Technical whitepaper — PodHeitor Nutanix AHV for Bacula - PodHeitor

VM-level backup of Nutanix AHV via Prism v3+v4 with native Changed Regions Tracking, vendor-neutral PHCBT01 replication, inbound cross-hypervisor restore from Proxmox/vSphere/Hyper-V, and disk-only / alternate-cluster restore — all absent from the Bacula Enterprise 18.2.3 AHV plugin.

Companion technical document to the PodHeitor Nutanix plugin page.

1. Gaps in the Bacula Enterprise Nutanix plugin

Bacula Enterprise 18.2.3 ships a Nutanix AHV plugin — JVM-based, Prism v2/v3, no v4 CRT, no cross-restore, no vendor-neutral replication, no disk-only restore, no alternate-cluster restore. For customers running pc.2024.3+ who want multi-vendor DR, that leaves four large operational gaps:

No v4 CRT. The compute-changed-regions API in pc.2024.3+ is faster and more granular than the legacy v3 changed_regions. BEE doesn’t consume it.
No cross-restore. AHV backups restore only on AHV. Leaving Nutanix requires manual V2V.
Replication coupled to Nutanix Protection Policies. Doesn’t work cross-vendor.
JVM latency. GC pauses during streaming of large disks are measurable.

The PodHeitor Nutanix Plugin is a Rust sibling of podheitor-proxmox, podheitor-vsphere and podheitor-hyperv — reusing their on-wire formats byte-for-byte so restores are fully cross-compatible.

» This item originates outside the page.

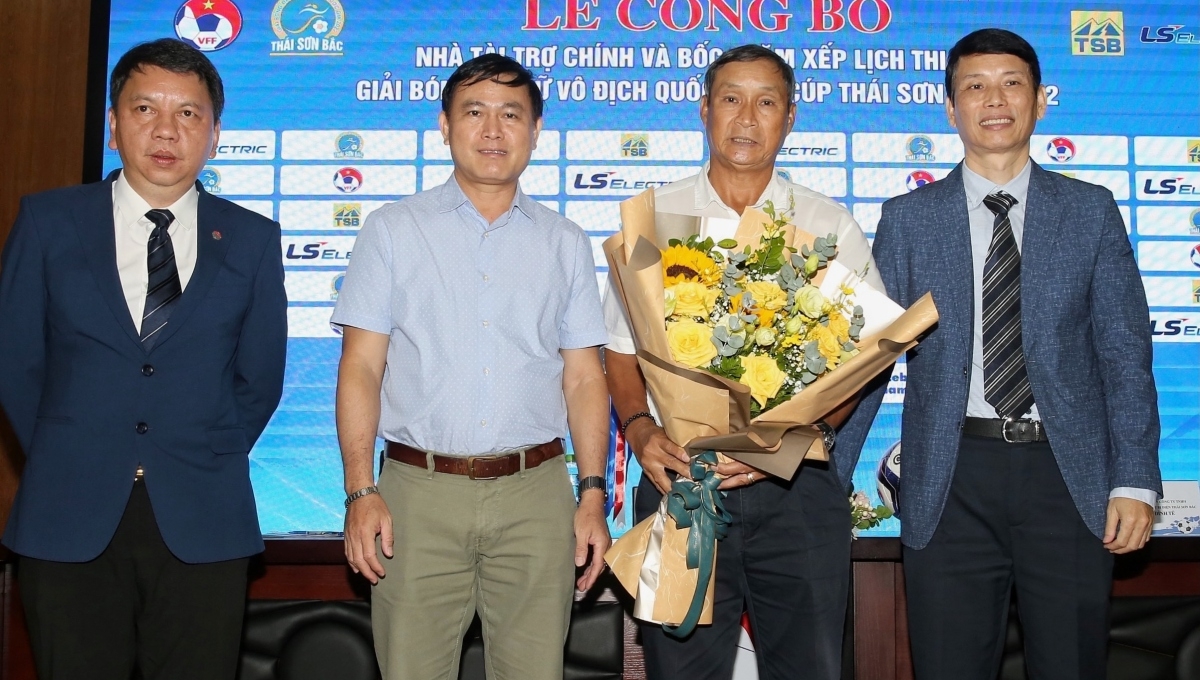 NÓNG: VFF chính thức gia hạn hợp đồng với HLV Mai Đức Chung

2. Architecture — two-process Rust

The plugin follows the PodHeitor pattern: cdylib (in this case a C++ shim of ~120 LOC, constants-only, linked against the metaplugin framework) + standalone Rust backend, communicating via PTCOMM length-tagged framing on stdin/stdout.

┌──────────────────────────────────────────────────────────────────────────┐
│                      Bacula File Daemon (bacula-fd)                       │
│  ┌──────────────────────────────────────────────────────────────────┐    │
│  │  podheitor-nutanix-fd.so  (metaplugin C++ shim, ~120 LOC)        │    │
│  │  - PLUGINNAMESPACE="@nutanix"                                    │    │
│  └──────────────────────────────────────────────────────────────────┘    │
│                              │ PTCOMM over pipe (stdin/stdout)            │
└──────────────────────────────┼────────────────────────────────────────────┘
                               ▼
┌──────────────────────────────────────────────────────────────────────────┐
│              podheitor-nutanix-backend  (Rust binary)                     │
│  ┌──────────────┬──────────────┬──────────────┬──────────────────────┐   │
│  │ prism v3/v4  │ snapshot     │ iscsi        │ disk_reader          │   │
│  │ REST client  │ RAII guard   │ attach/detach│ (O_DIRECT /dev/sdX)  │   │
│  ├──────────────┼──────────────┼──────────────┼──────────────────────┤   │
│  │ crt (CBT)    │ backup.rs    │ restore.rs   │ replication.rs       │   │
│  └──────────────┴──────────────┴──────────────┴──────────────────────┘   │
└────┬─────────────────────────┬────────────────────────┬───────────────────┘
     │ HTTPS (9440)            │ iSCSI (DSIP:3260)      │ TLS (9848)
     ▼                         ▼                        ▼
┌──────────────┐       ┌──────────────────┐     ┌──────────────────┐
│ Prism Central│       │ Nutanix CVMs     │     │  DR Receiver     │
└──────────────┘       └──────────────────┘     └──────────────────┘

2.1 Two deployment modes, one binary

Mode	Where backend runs	When to choose
`proxy_mode=external`	FD host outside the AHV cluster	Default — requires network route to Prism:9440 + DSIP:3260 and `open-iscsi` on FD host
`proxy_mode=in_cluster`	Linux VM inside the AHV cluster	Maximum throughput: data plane is local virtual-NIC to DSIP

3. Full backup — step by step

PTCOMM handshake; receive JobInfo + Plugin params.
Cluster discovery: PC v4 with v3 fallback, returns PE IP + 15-min JWT (cookie NTNX_IGW_SESSION).
POST /api/nutanix/v3/vms/{uuid}/snapshot (or v4 equivalent). RAII SnapshotGuard guarantees delete on drop.
Clone snapshot disks to a temporary Volume Group (Prism API).
Attach VG to proxy/FD via iSCSI: iscsiadm -m discovery + iscsiadm -m node --login.
Enumerate /dev/disk/by-path/... via sysfs scan; map disk ↔ block device by LUN.
Emit FNAME packets: @nutanix/<cluster>/<vm-uuid>/vm-metadata.json, @nutanix/.../disks/disk-<idx>-<id>.raw.
Stream bytes via O_DIRECT 1 MiB / 4 KiB-aligned reads → D-packets.
Logout iSCSI, delete VG, delete snapshot (unless it is the CBT reference).
Persist CBT state: reference_recovery_point_ext_id (v4) or snapshot_uuid (v3) at /var/lib/podheitor-nutanix/bitmap/<cluster>/<vm-uuid>.json.
PTCOMM F (end-of-data), wait FD ack, T (terminate).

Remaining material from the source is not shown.